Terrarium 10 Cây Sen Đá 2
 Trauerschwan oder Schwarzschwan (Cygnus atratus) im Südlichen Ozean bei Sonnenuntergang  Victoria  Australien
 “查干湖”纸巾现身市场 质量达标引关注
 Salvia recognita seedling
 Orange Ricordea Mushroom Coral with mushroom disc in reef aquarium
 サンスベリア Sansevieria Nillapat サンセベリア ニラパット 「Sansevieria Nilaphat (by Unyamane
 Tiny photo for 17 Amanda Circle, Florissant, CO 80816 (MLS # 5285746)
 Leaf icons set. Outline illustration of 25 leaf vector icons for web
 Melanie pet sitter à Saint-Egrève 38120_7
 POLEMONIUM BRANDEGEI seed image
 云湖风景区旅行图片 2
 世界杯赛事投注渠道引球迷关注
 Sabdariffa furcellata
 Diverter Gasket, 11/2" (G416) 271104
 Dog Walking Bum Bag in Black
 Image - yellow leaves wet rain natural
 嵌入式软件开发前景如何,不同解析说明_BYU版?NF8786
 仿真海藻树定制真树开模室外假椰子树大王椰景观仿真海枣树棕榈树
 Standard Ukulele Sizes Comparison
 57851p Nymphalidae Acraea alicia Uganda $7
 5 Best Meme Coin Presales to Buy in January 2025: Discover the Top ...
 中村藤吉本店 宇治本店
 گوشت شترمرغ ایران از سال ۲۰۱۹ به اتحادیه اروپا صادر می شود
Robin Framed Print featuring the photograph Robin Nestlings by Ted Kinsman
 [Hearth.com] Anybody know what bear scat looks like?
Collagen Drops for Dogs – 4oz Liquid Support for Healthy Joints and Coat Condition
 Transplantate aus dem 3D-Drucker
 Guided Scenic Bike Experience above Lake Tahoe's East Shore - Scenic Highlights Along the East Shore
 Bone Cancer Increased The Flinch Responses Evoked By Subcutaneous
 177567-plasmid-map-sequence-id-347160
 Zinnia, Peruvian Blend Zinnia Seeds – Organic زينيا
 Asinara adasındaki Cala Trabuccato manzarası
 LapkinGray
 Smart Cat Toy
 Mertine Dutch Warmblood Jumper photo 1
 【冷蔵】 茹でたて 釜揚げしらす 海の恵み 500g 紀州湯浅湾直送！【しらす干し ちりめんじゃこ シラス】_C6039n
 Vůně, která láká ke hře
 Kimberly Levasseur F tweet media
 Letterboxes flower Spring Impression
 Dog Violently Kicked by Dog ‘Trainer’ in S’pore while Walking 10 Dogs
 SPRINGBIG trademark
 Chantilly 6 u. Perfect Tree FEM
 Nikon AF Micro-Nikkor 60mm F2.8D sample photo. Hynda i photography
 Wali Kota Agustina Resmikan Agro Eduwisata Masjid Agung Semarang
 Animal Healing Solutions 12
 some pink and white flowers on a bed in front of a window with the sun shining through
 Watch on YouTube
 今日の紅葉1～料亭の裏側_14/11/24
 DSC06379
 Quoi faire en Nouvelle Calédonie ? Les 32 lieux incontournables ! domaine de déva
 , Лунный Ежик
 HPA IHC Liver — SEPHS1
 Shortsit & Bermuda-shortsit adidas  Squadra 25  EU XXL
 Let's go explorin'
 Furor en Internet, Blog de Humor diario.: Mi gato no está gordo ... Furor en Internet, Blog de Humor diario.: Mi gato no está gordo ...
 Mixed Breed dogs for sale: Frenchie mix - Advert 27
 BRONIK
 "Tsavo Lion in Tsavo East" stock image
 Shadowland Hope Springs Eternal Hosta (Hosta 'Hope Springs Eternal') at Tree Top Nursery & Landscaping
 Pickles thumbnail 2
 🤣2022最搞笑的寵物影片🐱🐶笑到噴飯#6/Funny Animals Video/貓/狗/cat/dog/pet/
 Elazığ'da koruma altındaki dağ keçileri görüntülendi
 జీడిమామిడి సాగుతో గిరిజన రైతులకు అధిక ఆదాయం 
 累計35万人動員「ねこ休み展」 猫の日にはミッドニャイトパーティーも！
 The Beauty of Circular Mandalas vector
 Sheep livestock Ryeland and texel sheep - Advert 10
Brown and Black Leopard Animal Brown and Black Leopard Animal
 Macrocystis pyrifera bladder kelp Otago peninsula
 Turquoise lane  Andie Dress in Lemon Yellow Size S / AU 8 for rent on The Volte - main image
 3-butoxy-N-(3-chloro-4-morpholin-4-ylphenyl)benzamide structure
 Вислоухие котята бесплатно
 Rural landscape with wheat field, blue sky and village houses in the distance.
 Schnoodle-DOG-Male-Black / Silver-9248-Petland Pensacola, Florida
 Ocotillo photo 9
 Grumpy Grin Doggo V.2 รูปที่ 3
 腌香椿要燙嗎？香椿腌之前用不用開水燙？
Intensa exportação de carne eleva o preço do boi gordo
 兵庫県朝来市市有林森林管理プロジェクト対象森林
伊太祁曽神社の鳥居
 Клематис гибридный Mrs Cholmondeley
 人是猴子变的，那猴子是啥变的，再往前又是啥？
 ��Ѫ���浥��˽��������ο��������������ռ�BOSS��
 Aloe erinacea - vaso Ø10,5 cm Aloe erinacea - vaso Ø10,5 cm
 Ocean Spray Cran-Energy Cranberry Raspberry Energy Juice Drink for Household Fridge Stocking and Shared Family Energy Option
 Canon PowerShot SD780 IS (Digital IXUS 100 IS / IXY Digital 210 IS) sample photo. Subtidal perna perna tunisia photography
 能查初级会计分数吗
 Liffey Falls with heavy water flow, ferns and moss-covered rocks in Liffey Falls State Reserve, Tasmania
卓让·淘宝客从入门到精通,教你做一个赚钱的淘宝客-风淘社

__PROBLEM DESCRIPTION__
Copy every line above once more, precisely as it reads.

__ANSWER BOX__
Terrarium 10 Cây Sen Đá 2
 Trauerschwan oder Schwarzschwan (Cygnus atratus) im Südlichen Ozean bei Sonnenuntergang  Victoria  Australien
 “查干湖”纸巾现身市场 质量达标引关注
 Salvia recognita seedling
 Orange Ricordea Mushroom Coral with mushroom disc in reef aquarium
 サンスベリア Sansevieria Nillapat サンセベリア ニラパット 「Sansevieria Nilaphat (by Unyamane
 Tiny photo for 17 Amanda Circle, Florissant, CO 80816 (MLS # 5285746)
 Leaf icons set. Outline illustration of 25 leaf vector icons for web
 Melanie pet sitter à Saint-Egrève 38120_7
 POLEMONIUM BRANDEGEI seed image
 云湖风景区旅行图片 2
 世界杯赛事投注渠道引球迷关注
 Sabdariffa furcellata
 Diverter Gasket, 11/2" (G416) 271104
 Dog Walking Bum Bag in Black
 Image - yellow leaves wet rain natural
 嵌入式软件开发前景如何,不同解析说明_BYU版?NF8786
 仿真海藻树定制真树开模室外假椰子树大王椰景观仿真海枣树棕榈树
 Standard Ukulele Sizes Comparison
 57851p Nymphalidae Acraea alicia Uganda $7
 5 Best Meme Coin Presales to Buy in January 2025: Discover the Top ...
 中村藤吉本店 宇治本店
 گوشت شترمرغ ایران از سال ۲۰۱۹ به اتحادیه اروپا صادر می شود
Robin Framed Print featuring the photograph Robin Nestlings by Ted Kinsman
 [Hearth.com] Anybody know what bear scat looks like?
Collagen Drops for Dogs – 4oz Liquid Support for Healthy Joints and Coat Condition
 Transplantate aus dem 3D-Drucker
 Guided Scenic Bike Experience above Lake Tahoe's East Shore - Scenic Highlights Along the East Shore
 Bone Cancer Increased The Flinch Responses Evoked By Subcutaneous
 177567-plasmid-map-sequence-id-347160
 Zinnia, Peruvian Blend Zinnia Seeds – Organic زينيا
 Asinara adasındaki Cala Trabuccato manzarası
 LapkinGray
 Smart Cat Toy
 Mertine Dutch Warmblood Jumper photo 1
 【冷蔵】 茹でたて 釜揚げしらす 海の恵み 500g 紀州湯浅湾直送！【しらす干し ちりめんじゃこ シラス】_C6039n
 Vůně, která láká ke hře
 Kimberly Levasseur F tweet media
 Letterboxes flower Spring Impression
 Dog Violently Kicked by Dog ‘Trainer’ in S’pore while Walking 10 Dogs
 SPRINGBIG trademark
 Chantilly 6 u. Perfect Tree FEM
 Nikon AF Micro-Nikkor 60mm F2.8D sample photo. Hynda i photography
 Wali Kota Agustina Resmikan Agro Eduwisata Masjid Agung Semarang
 Animal Healing Solutions 12
 some pink and white flowers on a bed in front of a window with the sun shining through
 Watch on YouTube
 今日の紅葉1～料亭の裏側_14/11/24
 DSC06379
 Quoi faire en Nouvelle Calédonie ? Les 32 lieux incontournables ! domaine de déva
 , Лунный Ежик
 HPA IHC Liver — SEPHS1
 Shortsit & Bermuda-shortsit adidas  Squadra 25  EU XXL
 Let's go explorin'
 Furor en Internet, Blog de Humor diario.: Mi gato no está gordo ... Furor en Internet, Blog de Humor diario.: Mi gato no está gordo ...
 Mixed Breed dogs for sale: Frenchie mix - Advert 27
 BRONIK
 "Tsavo Lion in Tsavo East" stock image
 Shadowland Hope Springs Eternal Hosta (Hosta 'Hope Springs Eternal') at Tree Top Nursery & Landscaping
 Pickles thumbnail 2
 🤣2022最搞笑的寵物影片🐱🐶笑到噴飯#6/Funny Animals Video/貓/狗/cat/dog/pet/
 Elazığ'da koruma altındaki dağ keçileri görüntülendi
 జీడిమామిడి సాగుతో గిరిజన రైతులకు అధిక ఆదాయం 
 累計35万人動員「ねこ休み展」 猫の日にはミッドニャイトパーティーも！
 The Beauty of Circular Mandalas vector
 Sheep livestock Ryeland and texel sheep - Advert 10
Brown and Black Leopard Animal Brown and Black Leopard Animal
 Macrocystis pyrifera bladder kelp Otago peninsula
 Turquoise lane  Andie Dress in Lemon Yellow Size S / AU 8 for rent on The Volte - main image
 3-butoxy-N-(3-chloro-4-morpholin-4-ylphenyl)benzamide structure
 Вислоухие котята бесплатно
 Rural landscape with wheat field, blue sky and village houses in the distance.
 Schnoodle-DOG-Male-Black / Silver-9248-Petland Pensacola, Florida
 Ocotillo photo 9
 Grumpy Grin Doggo V.2 รูปที่ 3
 腌香椿要燙嗎？香椿腌之前用不用開水燙？
Intensa exportação de carne eleva o preço do boi gordo
 兵庫県朝来市市有林森林管理プロジェクト対象森林
伊太祁曽神社の鳥居
 Клематис гибридный Mrs Cholmondeley
 人是猴子变的，那猴子是啥变的，再往前又是啥？
 ��Ѫ���浥��˽��������ο��������������ռ�BOSS��
 Aloe erinacea - vaso Ø10,5 cm Aloe erinacea - vaso Ø10,5 cm
 Ocean Spray Cran-Energy Cranberry Raspberry Energy Juice Drink for Household Fridge Stocking and Shared Family Energy Option
 Canon PowerShot SD780 IS (Digital IXUS 100 IS / IXY Digital 210 IS) sample photo. Subtidal perna perna tunisia photography
 能查初级会计分数吗
 Liffey Falls with heavy water flow, ferns and moss-covered rocks in Liffey Falls State Reserve, Tasmania
卓让·淘宝客从入门到精通,教你做一个赚钱的淘宝客-风淘社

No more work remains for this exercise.